In [1]:
import gym
from collections import deque
import random
import matplotlib.pyplot as plt
import numpy as np

import torch
import torch.nn as nn
import torch.optim as optim
import torch.nn.functional as F

In [2]:
class DQN(nn.Module):
    def __init__(self, state_size, action_size):
        super(DQN, self).__init__()
        self.device = device
        # Neural Net Layers
        self.fc1 = nn.Linear(state_size, 24)
        self.fc2 = nn.Linear(24, 24)
        self.out = nn.Linear(24,action_size)
        # Random Uniform
        torch.nn.init.uniform_(self.out.weight,-1e-3,1e-3)

    def forward(self,x):
        x = F.relu(self.fc1(x))
        x = F.relu(self.fc2(x))
        q = self.out(x)
        return q

In [3]:
# Hyper-parameters
class DQNAgent:
    def __init__(self, state_size, action_size, device):
        self.state_size = state_size
        self.action_size= action_size
        self.device = device
        
        # Hyper-parameters for learning
        self.discount_factor = 0.99
        self.learning_rate = 0.001
        self.epsilon = 1.0
        self.epsilon_decay = 0.999
        self.epsilon_min = 0.01
        
        # Experience Replay
        self.batch_size = 64
        self.train_start = 1000
        self.buffer_length = 2000
        self.memory = deque(maxlen=self.buffer_length)

        # Neural Network Architecture
        self.model        = DQN(self.state_size, self.action_size).to(self.device)
        self.target_model = DQN(self.state_size, self.action_size).to(self.device)
        self.optimizer    = optim.Adam(self.model.parameters(), lr=self.learning_rate)
        
        self.update_target_model()

    def remember(self, state, action, reward, next_state, done):
        self.memory.append((state,\
                            action.to(self.device),\
                            torch.FloatTensor([reward]).to(self.device),\
                            torch.FloatTensor([next_state]).to(self.device),\
                            torch.LongTensor([done]).to(self.device)))

    def update_target_model(self):
        self.target_model.load_state_dict(self.model.state_dict())
        # self.target_model.load_dict(self.model.state_dict())

    def choose_action(self, state):
        # Exploration and Exploitation
        if (np.random.rand() <= self.epsilon):
            return torch.LongTensor([[random.randrange(self.action_size)]])
        else:
            return self.model.forward(state).max(1)[1].view(1, 1)

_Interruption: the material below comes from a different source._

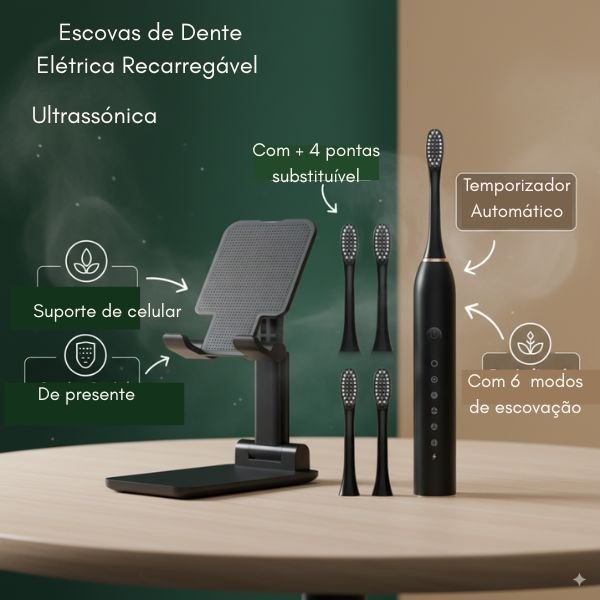 Modos de escovação e timer inteligente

    def train_model(self):
        # Train from Experience Replay
        # Training Condition - Memory Size
        if len(self.memory) < self.train_start:
            return 0.0
        # Decaying Exploration Ratio
        if self.epsilon > self.epsilon_min:
            self.epsilon *= self.epsilon_decay
        # Sampling from the memory
        mini_batch  = random.sample(self.memory, self.batch_size)
        batch_states, batch_actions, batch_rewards, batch_next_states, batch_dones = zip(*mini_batch)

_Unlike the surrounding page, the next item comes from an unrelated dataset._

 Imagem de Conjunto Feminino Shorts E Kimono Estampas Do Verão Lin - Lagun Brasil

        states      = torch.cat(batch_states)
        actions     = torch.cat(batch_actions)
        rewards     = torch.cat(batch_rewards)
        next_states = torch.cat(batch_next_states)
        dones       = torch.cat(batch_dones)

        q           = self.model.forward(states).gather(1,actions).squeeze()
        max_q       = self.target_model.forward(next_states).detach().max(1)[0]
        target      = rewards + (1 - dones) * self.discount_factor * max_q
        loss        = F.mse_loss(q,target)

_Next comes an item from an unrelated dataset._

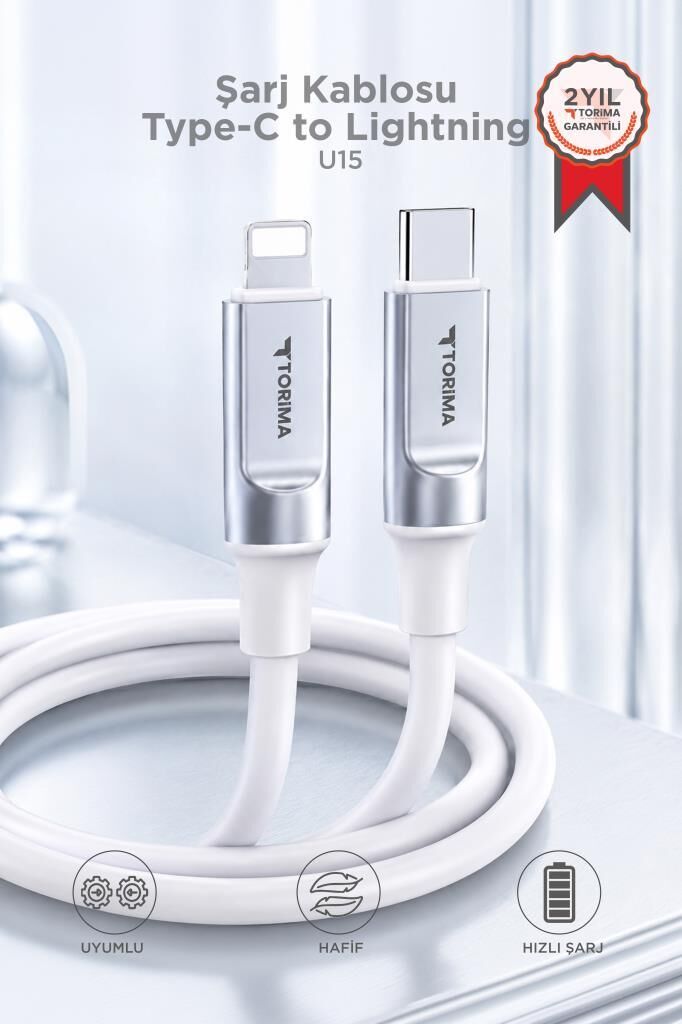 Şarj Kablosu Type-C to Lightning 3.0A Data Kablo U15 Beyaz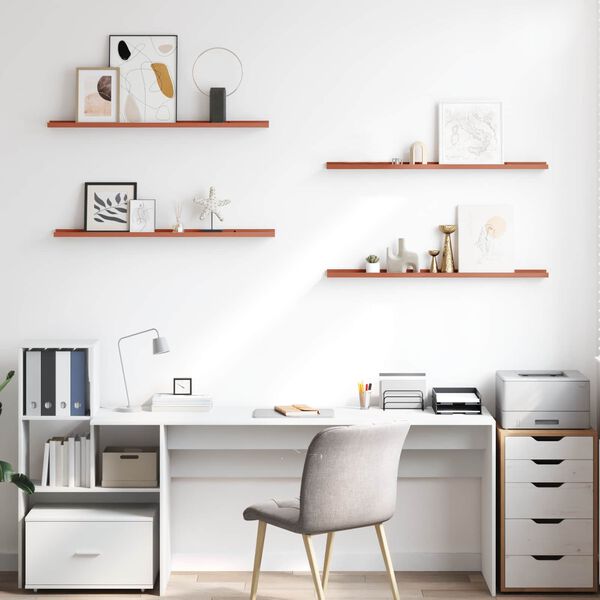 vidaXL P&oacute;łka ścienna z p&oacute;łką 4 pcs Czerwony 100 x 9 x 3 cm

        self.optimizer.zero_grad()
        loss.backward()
        self.optimizer.step()

        return loss.detach().cpu().numpy()

In [4]:
%matplotlib tk

ENV_NAME = 'CartPole-v1'
EPISODES = 1000
# if gpu is to be used
device = torch.device('cuda' if torch.cuda.is_available() else 'cpu')
print("DEVICE : ", device)

if __name__ == "__main__":
    env = gym.make(ENV_NAME)
    state_size = env.observation_space.shape[0]
    action_size = env.action_space.n
    print('Env Name : ',ENV_NAME)
    print('States {}, Actions {}'
            .format(state_size, action_size))

    agent = DQNAgent(state_size, action_size, device)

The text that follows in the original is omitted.